Il n’y a pas véritablement de possibilité d’étendre l’accord avec la Turquie à la Libye” , estime le chercheur. D’une part, “parce que l’Etat libyen ne contrôle pas la totalité de son territoire et se trouve dans une relative instabilité, si ce n’est dans une instabilité totale” . D’autre part, la Libye, au contraire de la Turquie, n’est pas membre du Conseil de l’Europe et n’est, par conséquent, pas soumise à la Convention et à la Cour européennes des droits de l’homme, ce qui l’empêche de fournir des garanties quant à un traitement digne des réfugiés, explique Yves Pascouau. “Les derniers rapports en matière de respect des droits de l’homme, en particulier des migrants et des réfugiés, sont particulièrement défavorables à la Libye” , ajoute-t-il.

Partant de ce constat, les Etats membres devraient alors s’orienter vers des négociations avec le gouvernement d’union nationale de Libye, seule entité luttant pour le contrôle du territoire reconnue par la communauté internationale. Au menu, un financement européen dans le but de former des garde-côtes libyens et soutenir les communautés locales afin d’empêcher les départs du pays vers l’Europe. “Une fois que les migrants ont quitté les eaux territoriales libyennes, les autorités européennes ou nationales ou encore les ONG les interceptant en mer sont juridiquement tenues de les rapatrier sur le territoire européen. C’est ce que les Etats membres veulent éviter” , analyse Yves Pascouau. Ainsi, la pression de certains Etats membres pour mettre en place un accord, ou du moins, une collaboration renforcée, avec la Libye quant aux flux migratoires devrait être forte, estime le chercheur.

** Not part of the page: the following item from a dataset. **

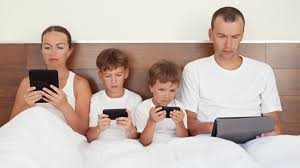 📱 O TRISTE FIM DA CONVIVÊNCIA HUMANA: QUANDO O CELULAR CALA A FAMÍLIA 🕯️
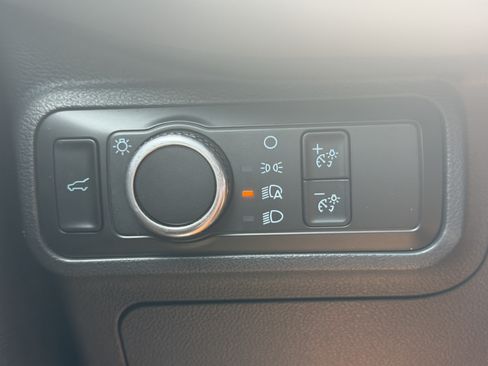 Used 2025 Ford Explorer Active RWD image 31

Autre sujet des plus sensibles dans les discussions à Malte : le plan de relocalisation de 160 000 réfugiés de la Commission européenne entre Etats membres d’ici septembre prochain, approuvé par le Conseil à l’automne 2015, dont les objectifs sont encore très loin d’être atteints (moins de 10 000 relocalisations pour l’instant) et qui, selon Yves Pascouau, ne le seront pas. Etant donné les tensions entre Etats membres à ce sujet, notamment dues à l’opposition des pays du groupe de Visegrad (Hongrie, Slovaquie, République tchèque et Pologne) au plan de relocalisation, l’Europe a revu ses ambitions à la baisse. “Tout l’enjeu aujourd’hui est de continuer à relocaliser les demandeurs d’asile depuis la Grèce et l’Italie à un rythme plus important qu’il n’a été jusqu’à présent” , explique Yves Pascouau.

Malte, un pays à la tête du Conseil directement concerné par les enjeux migratoires

Malte
, plus petit Etat membre de l’Union européenne et qui a pris la présidence tournante du Conseil pour six mois (janvier-juin 2017), est très sensible aux questions liées à l’immigration. C’est pourquoi, rien d’étonnant à ce que le pays ait placé la politique migratoire en tête des priorités de sa présidence, en plaidant notamment pour une meilleure répartition des réfugiés entre Etats membres. Malte se trouve en effet, par sa position géographique, en première ligne sur la route de la Méditerranée centrale, se situant à 290 kilomètres des côtes tunisiennes et 340 de celles de la Libye, ce qui l’a amenée à devenir une porte d’entrée pour les migrants en Europe.